Subject: Re: [RFC PATCH 4/5] mm: Add hit/miss accounting for Page Cache

>
> * Liu Yuan <[email protected]> wrote:
>
> > + if (likely(!retry_find) && page && PageUptodate(page))
> > + page_cache_acct_hit(inode->i_sb, READ);
> > + else
> > + page_cache_acct_missed(inode->i_sb, READ);
>
> Sigh.
>
> This would make such a nice tracepoint or sw perf event. It could be collected in a
> 'count' form, equivalent to the stats you are aiming for here, or it could even be
> traced, if someone is interested in such details.
>
> It could be mixed with other events, enriching multiple apps at once.

Totally agreed.

> But, instead of trying to improve those aspects of our existing instrumentation
> frameworks, mm/* is gradually growing its own special instrumentation hacks, missing
> the big picture and fragmenting the instrumentation space some more.
>
> That trend is somewhat sad.

So, I think thing is, the stat is how much people and how frequently used.
If it is really really really common, /proc/meminfo or similar special place
is good idea. Another example, If the stat can help our MM debugging to
handle LKML bug report, it is worth to have special care. But other almost
else case are better to use generic framework.

2011-03-03 03:14:13

by Tao Ma

[permalink] [raw]

Subject: Re: [RFC PATCH 4/5] mm: Add hit/miss accounting for Page Cache

On 03/02/2011 04:45 PM, Ingo Molnar wrote:
> * Liu Yuan<[email protected]> wrote:
>
>
>> + if (likely(!retry_find)&& page&& PageUptodate(page))
>> + page_cache_acct_hit(inode->i_sb, READ);
>> + else
>> + page_cache_acct_missed(inode->i_sb, READ);
>>
> Sigh.
>
> This would make such a nice tracepoint or sw perf event.

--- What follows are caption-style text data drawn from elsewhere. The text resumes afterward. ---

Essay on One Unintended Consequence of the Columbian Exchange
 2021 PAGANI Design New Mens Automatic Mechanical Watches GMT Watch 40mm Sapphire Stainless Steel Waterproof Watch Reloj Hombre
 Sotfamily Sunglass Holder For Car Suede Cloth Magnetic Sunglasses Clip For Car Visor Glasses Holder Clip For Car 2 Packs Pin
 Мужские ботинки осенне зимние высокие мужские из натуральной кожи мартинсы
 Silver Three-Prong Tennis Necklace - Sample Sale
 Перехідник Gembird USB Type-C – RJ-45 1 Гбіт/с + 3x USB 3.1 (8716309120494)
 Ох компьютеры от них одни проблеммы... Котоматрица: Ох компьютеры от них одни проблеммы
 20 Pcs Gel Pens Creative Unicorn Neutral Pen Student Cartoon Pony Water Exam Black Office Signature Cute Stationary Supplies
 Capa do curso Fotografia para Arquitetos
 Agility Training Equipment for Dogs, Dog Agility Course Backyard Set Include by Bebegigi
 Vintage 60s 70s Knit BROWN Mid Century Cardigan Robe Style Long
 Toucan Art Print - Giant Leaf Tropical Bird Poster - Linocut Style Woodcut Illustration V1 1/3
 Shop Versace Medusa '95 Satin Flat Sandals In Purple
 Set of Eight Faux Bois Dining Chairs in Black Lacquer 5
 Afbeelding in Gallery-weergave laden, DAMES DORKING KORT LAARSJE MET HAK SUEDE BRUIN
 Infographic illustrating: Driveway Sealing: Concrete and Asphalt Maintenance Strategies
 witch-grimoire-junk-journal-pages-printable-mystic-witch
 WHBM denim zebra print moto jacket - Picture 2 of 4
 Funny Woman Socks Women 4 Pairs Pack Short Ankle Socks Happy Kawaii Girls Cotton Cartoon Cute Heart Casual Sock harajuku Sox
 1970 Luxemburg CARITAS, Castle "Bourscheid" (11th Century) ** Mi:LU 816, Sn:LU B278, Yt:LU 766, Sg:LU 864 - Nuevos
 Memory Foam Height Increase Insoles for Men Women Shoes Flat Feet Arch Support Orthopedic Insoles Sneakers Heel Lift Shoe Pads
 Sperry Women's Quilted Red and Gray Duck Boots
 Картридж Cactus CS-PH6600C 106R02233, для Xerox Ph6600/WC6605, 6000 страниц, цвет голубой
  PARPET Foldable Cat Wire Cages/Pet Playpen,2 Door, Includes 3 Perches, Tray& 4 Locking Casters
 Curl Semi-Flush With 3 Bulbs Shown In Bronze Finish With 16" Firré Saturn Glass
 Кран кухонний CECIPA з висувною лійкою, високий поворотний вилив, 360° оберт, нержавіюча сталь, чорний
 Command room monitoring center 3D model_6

It could be collected in a
> 'count' form, equivalent to the stats you are aiming for here, or it could even be
> traced, if someone is interested in such details.
>
> It could be mixed with other events, enriching multiple apps at once.
>
> But, instead of trying to improve those aspects of our existing instrumentation
> frameworks, mm/* is gradually growing its own special instrumentation hacks, missing
> the big picture and fragmenting the instrumentation space some more.
>
Thanks for the quick response. Actually our team(including Liu) here are
planing to add some
debug info to the mm parts for analyzing the application behavior and
hope to find some way
to improve our application's performance.
We have searched the trace points in mm, but it seems to us that the
trace points isn't quite welcomed
there. Only vmscan and writeback have some limited trace points added.
That's the reason we first
tried to add some debug info like this patch. You does shed some light
on our direction. Thanks.

btw, what part do you think is needed to add some trace point? We
volunteer to add more if you like.

Regards,
Tao

2011-03-03 09:34:52

by Ingo Molnar

[permalink] [raw]

Subject: Re: [RFC PATCH 4/5] mm: Add hit/miss accounting for Page Cache

* Tao Ma <[email protected]> wrote:

> On 03/02/2011 04:45 PM, Ingo Molnar wrote:
> >* Liu Yuan<[email protected]> wrote:
> >
> >>+ if (likely(!retry_find)&& page&& PageUptodate(page))
> >>+ page_cache_acct_hit(inode->i_sb, READ);
> >>+ else
> >>+ page_cache_acct_missed(inode->i_sb, READ);
> >Sigh.
> >
> >This would make such a nice tracepoint or sw perf event. It could be collected in a
> >'count' form, equivalent to the stats you are aiming for here, or it could even be
> >traced, if someone is interested in such details.
> >
> >It could be mixed with other events, enriching multiple apps at once.
> >
> >But, instead of trying to improve those aspects of our existing instrumentation
> >frameworks, mm/* is gradually growing its own special instrumentation hacks, missing
> >the big picture and fragmenting the instrumentation space some more.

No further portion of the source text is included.